Planting Oak

Most Oaks grow best in full sun, but tolerate light shade. Bur Oak must have full sun to thrive. Red Oaks are more tolerant of shade than most Oaks, but they really appreciate a sunny spot. They prefer a coarse to fine well-drained soil. They also prefer moist soil, but can manage somewhat dry soil for short periods. They are most comfortable in soils on the acid side (pH 6.1 to 7.0). In alkaline soils (pH 7.0 to 8.0 and above), most Oaks develop a mineral deficiency disease called chlorosis. Older trees resent any construction disturbance near their root zone. If you are unsure about your soil and have difficulty growing azaleas and hollies on your property it may be wise to test for acidity. Use a pH meter for a quick check, or get a soil test kit from you local country extension service for a more complete analysis. Bur Oaks can handle somewhat alkaline soil.
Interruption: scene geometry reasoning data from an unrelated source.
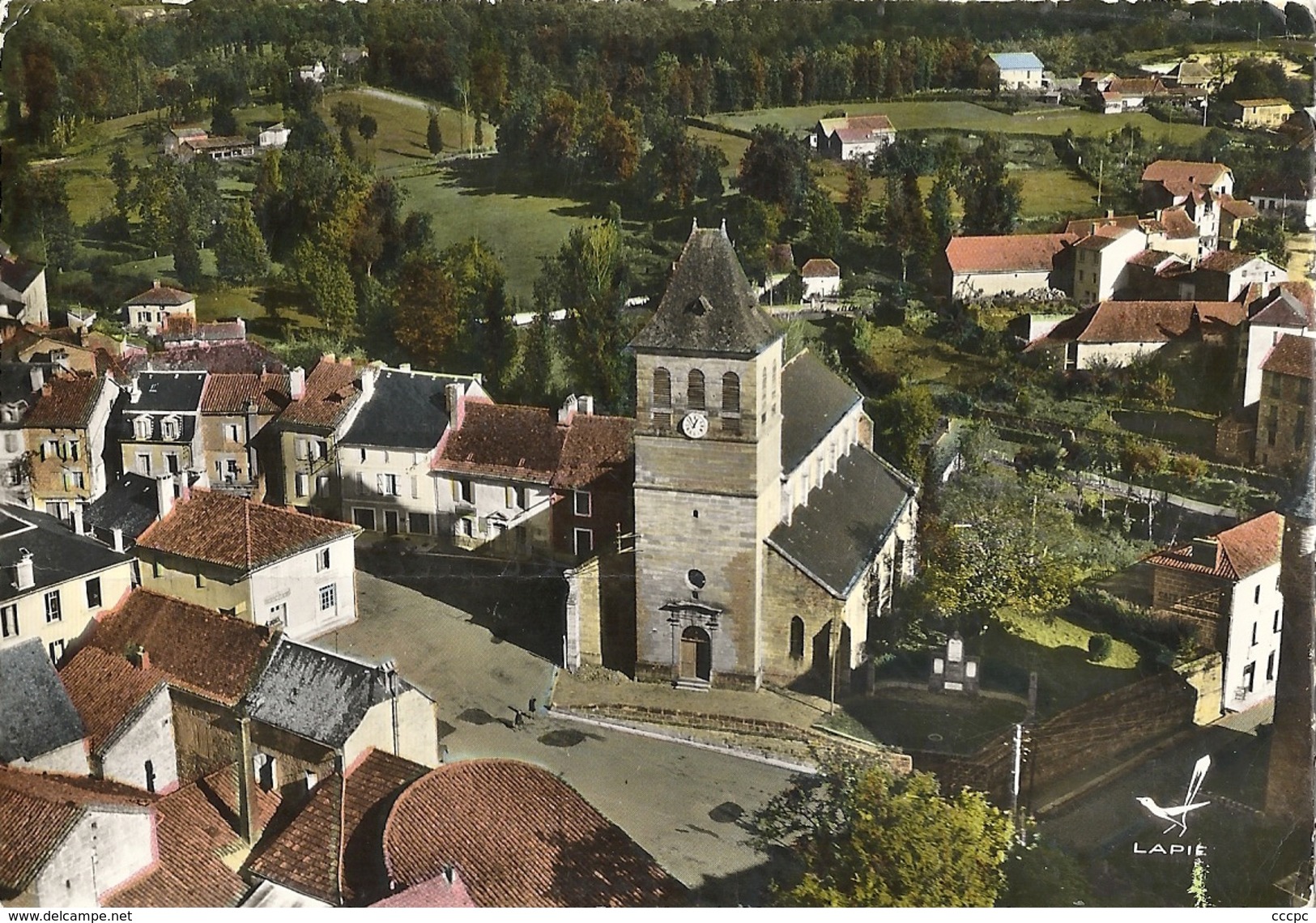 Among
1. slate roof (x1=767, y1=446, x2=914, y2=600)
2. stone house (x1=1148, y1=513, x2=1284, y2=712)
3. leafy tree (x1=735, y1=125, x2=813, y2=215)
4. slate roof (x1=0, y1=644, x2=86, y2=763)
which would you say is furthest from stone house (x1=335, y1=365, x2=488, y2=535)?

Because they have a deep taproot, the Oaks in the White Oak group are difficult to transplant. For that reason, growers have tried to develop ways to grow Oaks so they develop more fibrous roots. Buy locally grown trees. Choose trees that have been dug in the spring and whose roots and soilball are wrapped in burlap or are in a container. Check for the presence of 6 to 12 inches of new growth from the one or two seasonal growth spurts typical of Oaks. Do not buy a tree that does not show new growth. Oaks are sold small for more successful transplanting. It you want one larger than 2½ inches in diameter, plan for a professional to plant it and insist on a guarantee.

Stake newly planted Oaks only if they are at risk of being blown over or uprooted before they get established. Where prevailing winds are a potential problem, stake newly planted trees for up to a year. Staked longer, trees may not develop sufficient stabilizing roots on their own.